The material is to be repeated exactly, from first line to last.

■ **RECORDS SHOWN**

-------

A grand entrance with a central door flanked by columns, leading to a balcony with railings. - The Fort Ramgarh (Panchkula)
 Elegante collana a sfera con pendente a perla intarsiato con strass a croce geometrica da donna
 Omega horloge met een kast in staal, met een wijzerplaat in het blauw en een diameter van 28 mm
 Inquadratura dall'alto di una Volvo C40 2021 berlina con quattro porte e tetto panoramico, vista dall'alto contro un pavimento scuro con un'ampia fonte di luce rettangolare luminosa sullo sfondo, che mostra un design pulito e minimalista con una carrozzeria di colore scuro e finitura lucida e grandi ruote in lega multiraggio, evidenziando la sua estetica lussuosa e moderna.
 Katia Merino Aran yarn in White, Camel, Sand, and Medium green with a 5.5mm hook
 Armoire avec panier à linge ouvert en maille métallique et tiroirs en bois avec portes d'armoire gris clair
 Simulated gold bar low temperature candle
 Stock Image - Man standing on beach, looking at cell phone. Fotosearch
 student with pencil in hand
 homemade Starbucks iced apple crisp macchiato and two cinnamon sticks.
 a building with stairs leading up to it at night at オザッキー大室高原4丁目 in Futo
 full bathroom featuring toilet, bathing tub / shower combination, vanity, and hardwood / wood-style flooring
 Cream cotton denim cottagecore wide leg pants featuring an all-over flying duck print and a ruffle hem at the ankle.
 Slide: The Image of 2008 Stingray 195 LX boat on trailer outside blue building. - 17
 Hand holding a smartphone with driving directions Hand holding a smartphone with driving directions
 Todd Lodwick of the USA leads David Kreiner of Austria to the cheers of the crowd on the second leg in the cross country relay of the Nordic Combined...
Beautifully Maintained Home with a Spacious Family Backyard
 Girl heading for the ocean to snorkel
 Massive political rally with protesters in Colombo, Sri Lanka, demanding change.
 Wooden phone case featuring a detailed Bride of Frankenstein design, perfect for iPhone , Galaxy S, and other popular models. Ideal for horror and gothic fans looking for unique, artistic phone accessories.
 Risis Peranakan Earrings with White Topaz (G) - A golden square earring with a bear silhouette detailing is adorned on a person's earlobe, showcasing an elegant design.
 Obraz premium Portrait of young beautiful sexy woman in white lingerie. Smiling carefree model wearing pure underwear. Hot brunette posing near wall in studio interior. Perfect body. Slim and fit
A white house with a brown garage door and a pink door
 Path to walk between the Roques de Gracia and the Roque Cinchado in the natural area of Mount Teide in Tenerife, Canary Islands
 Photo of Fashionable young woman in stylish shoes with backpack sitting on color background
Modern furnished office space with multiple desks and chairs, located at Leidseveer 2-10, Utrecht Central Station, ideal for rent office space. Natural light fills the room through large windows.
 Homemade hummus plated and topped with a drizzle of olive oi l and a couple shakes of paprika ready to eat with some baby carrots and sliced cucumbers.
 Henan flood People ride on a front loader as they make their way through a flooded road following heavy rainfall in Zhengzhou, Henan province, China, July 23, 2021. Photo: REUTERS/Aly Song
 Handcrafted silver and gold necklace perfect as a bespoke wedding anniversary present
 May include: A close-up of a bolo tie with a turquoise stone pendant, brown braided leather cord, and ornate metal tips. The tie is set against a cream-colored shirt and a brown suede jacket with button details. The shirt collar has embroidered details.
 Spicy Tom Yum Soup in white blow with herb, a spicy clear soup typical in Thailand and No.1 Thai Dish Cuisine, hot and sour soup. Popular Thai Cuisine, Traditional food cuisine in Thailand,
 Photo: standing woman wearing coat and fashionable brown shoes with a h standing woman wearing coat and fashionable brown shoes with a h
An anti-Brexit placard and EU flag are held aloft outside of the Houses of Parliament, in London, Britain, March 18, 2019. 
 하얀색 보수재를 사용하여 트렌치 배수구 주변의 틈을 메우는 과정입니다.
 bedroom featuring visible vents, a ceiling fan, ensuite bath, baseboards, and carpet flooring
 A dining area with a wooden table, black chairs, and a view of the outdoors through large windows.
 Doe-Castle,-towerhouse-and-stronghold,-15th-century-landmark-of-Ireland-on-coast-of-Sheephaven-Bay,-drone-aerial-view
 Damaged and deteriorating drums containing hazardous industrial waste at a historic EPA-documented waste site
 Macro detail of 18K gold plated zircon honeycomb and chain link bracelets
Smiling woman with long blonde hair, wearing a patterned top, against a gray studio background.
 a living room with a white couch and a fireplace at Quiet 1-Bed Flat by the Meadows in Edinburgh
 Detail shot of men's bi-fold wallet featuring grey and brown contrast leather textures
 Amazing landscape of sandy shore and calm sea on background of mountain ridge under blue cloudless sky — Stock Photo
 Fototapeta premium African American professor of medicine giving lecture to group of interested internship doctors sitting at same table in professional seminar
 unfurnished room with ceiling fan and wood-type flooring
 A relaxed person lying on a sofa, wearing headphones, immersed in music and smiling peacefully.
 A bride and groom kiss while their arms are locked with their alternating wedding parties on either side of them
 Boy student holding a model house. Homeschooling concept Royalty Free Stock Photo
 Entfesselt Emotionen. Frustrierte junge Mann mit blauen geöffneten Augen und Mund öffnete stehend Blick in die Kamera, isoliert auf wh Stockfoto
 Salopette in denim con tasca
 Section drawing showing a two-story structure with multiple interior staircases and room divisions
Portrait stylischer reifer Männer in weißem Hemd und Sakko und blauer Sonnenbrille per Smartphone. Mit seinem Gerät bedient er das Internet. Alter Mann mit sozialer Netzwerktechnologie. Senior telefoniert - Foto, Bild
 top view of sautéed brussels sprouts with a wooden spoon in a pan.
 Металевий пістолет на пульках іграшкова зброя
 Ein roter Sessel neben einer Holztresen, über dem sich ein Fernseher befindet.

-------

■ **COMPLETED EXERCISE**
A grand entrance with a central door flanked by columns, leading to a balcony with railings. - The Fort Ramgarh (Panchkula)
 Elegante collana a sfera con pendente a perla intarsiato con strass a croce geometrica da donna
 Omega horloge met een kast in staal, met een wijzerplaat in het blauw en een diameter van 28 mm
 Inquadratura dall'alto di una Volvo C40 2021 berlina con quattro porte e tetto panoramico, vista dall'alto contro un pavimento scuro con un'ampia fonte di luce rettangolare luminosa sullo sfondo, che mostra un design pulito e minimalista con una carrozzeria di colore scuro e finitura lucida e grandi ruote in lega multiraggio, evidenziando la sua estetica lussuosa e moderna.
 Katia Merino Aran yarn in White, Camel, Sand, and Medium green with a 5.5mm hook
 Armoire avec panier à linge ouvert en maille métallique et tiroirs en bois avec portes d'armoire gris clair
 Simulated gold bar low temperature candle
 Stock Image - Man standing on beach, looking at cell phone. Fotosearch
 student with pencil in hand
 homemade Starbucks iced apple crisp macchiato and two cinnamon sticks.
 a building with stairs leading up to it at night at オザッキー大室高原4丁目 in Futo
 full bathroom featuring toilet, bathing tub / shower combination, vanity, and hardwood / wood-style flooring
 Cream cotton denim cottagecore wide leg pants featuring an all-over flying duck print and a ruffle hem at the ankle.
 Slide: The Image of 2008 Stingray 195 LX boat on trailer outside blue building. - 17
 Hand holding a smartphone with driving directions Hand holding a smartphone with driving directions
 Todd Lodwick of the USA leads David Kreiner of Austria to the cheers of the crowd on the second leg in the cross country relay of the Nordic Combined...
Beautifully Maintained Home with a Spacious Family Backyard
 Girl heading for the ocean to snorkel
 Massive political rally with protesters in Colombo, Sri Lanka, demanding change.
 Wooden phone case featuring a detailed Bride of Frankenstein design, perfect for iPhone , Galaxy S, and other popular models. Ideal for horror and gothic fans looking for unique, artistic phone accessories.
 Risis Peranakan Earrings with White Topaz (G) - A golden square earring with a bear silhouette detailing is adorned on a person's earlobe, showcasing an elegant design.
 Obraz premium Portrait of young beautiful sexy woman in white lingerie. Smiling carefree model wearing pure underwear. Hot brunette posing near wall in studio interior. Perfect body. Slim and fit
A white house with a brown garage door and a pink door
 Path to walk between the Roques de Gracia and the Roque Cinchado in the natural area of Mount Teide in Tenerife, Canary Islands
 Photo of Fashionable young woman in stylish shoes with backpack sitting on color background
Modern furnished office space with multiple desks and chairs, located at Leidseveer 2-10, Utrecht Central Station, ideal for rent office space. Natural light fills the room through large windows.
 Homemade hummus plated and topped with a drizzle of olive oi l and a couple shakes of paprika ready to eat with some baby carrots and sliced cucumbers.
 Henan flood People ride on a front loader as they make their way through a flooded road following heavy rainfall in Zhengzhou, Henan province, China, July 23, 2021. Photo: REUTERS/Aly Song
 Handcrafted silver and gold necklace perfect as a bespoke wedding anniversary present
 May include: A close-up of a bolo tie with a turquoise stone pendant, brown braided leather cord, and ornate metal tips. The tie is set against a cream-colored shirt and a brown suede jacket with button details. The shirt collar has embroidered details.
 Spicy Tom Yum Soup in white blow with herb, a spicy clear soup typical in Thailand and No.1 Thai Dish Cuisine, hot and sour soup. Popular Thai Cuisine, Traditional food cuisine in Thailand,
 Photo: standing woman wearing coat and fashionable brown shoes with a h standing woman wearing coat and fashionable brown shoes with a h
An anti-Brexit placard and EU flag are held aloft outside of the Houses of Parliament, in London, Britain, March 18, 2019. 
 하얀색 보수재를 사용하여 트렌치 배수구 주변의 틈을 메우는 과정입니다.
 bedroom featuring visible vents, a ceiling fan, ensuite bath, baseboards, and carpet flooring
 A dining area with a wooden table, black chairs, and a view of the outdoors through large windows.
 Doe-Castle,-towerhouse-and-stronghold,-15th-century-landmark-of-Ireland-on-coast-of-Sheephaven-Bay,-drone-aerial-view
 Damaged and deteriorating drums containing hazardous industrial waste at a historic EPA-documented waste site
 Macro detail of 18K gold plated zircon honeycomb and chain link bracelets
Smiling woman with long blonde hair, wearing a patterned top, against a gray studio background.
 a living room with a white couch and a fireplace at Quiet 1-Bed Flat by the Meadows in Edinburgh
 Detail shot of men's bi-fold wallet featuring grey and brown contrast leather textures
 Amazing landscape of sandy shore and calm sea on background of mountain ridge under blue cloudless sky — Stock Photo
 Fototapeta premium African American professor of medicine giving lecture to group of interested internship doctors sitting at same table in professional seminar
 unfurnished room with ceiling fan and wood-type flooring
 A relaxed person lying on a sofa, wearing headphones, immersed in music and smiling peacefully.
 A bride and groom kiss while their arms are locked with their alternating wedding parties on either side of them
 Boy student holding a model house. Homeschooling concept Royalty Free Stock Photo
 Entfesselt Emotionen. Frustrierte junge Mann mit blauen geöffneten Augen und Mund öffnete stehend Blick in die Kamera, isoliert auf wh Stockfoto
 Salopette in denim con tasca
 Section drawing showing a two-story structure with multiple interior staircases and room divisions
Portrait stylischer reifer Männer in weißem Hemd und Sakko und blauer Sonnenbrille per Smartphone. Mit seinem Gerät bedient er das Internet. Alter Mann mit sozialer Netzwerktechnologie. Senior telefoniert - Foto, Bild
 top view of sautéed brussels sprouts with a wooden spoon in a pan.
 Металевий пістолет на пульках іграшкова зброя
 Ein roter Sessel neben einer Holztresen, über dem sich ein Fernseher befindet.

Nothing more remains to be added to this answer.